Reprint the full listing exactly.

# # # # #

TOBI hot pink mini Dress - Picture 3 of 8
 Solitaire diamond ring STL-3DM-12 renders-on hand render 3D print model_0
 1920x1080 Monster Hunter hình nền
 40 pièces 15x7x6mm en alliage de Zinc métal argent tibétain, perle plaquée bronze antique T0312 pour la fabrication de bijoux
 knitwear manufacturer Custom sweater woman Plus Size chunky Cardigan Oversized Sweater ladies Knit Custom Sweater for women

# # # # #

Exercise output:
TOBI hot pink mini Dress - Picture 3 of 8
 Solitaire diamond ring STL-3DM-12 renders-on hand render 3D print model_0
 1920x1080 Monster Hunter hình nền
 40 pièces 15x7x6mm en alliage de Zinc métal argent tibétain, perle plaquée bronze antique T0312 pour la fabrication de bijoux
 knitwear manufacturer Custom sweater woman Plus Size chunky Cardigan Oversized Sweater ladies Knit Custom Sweater for women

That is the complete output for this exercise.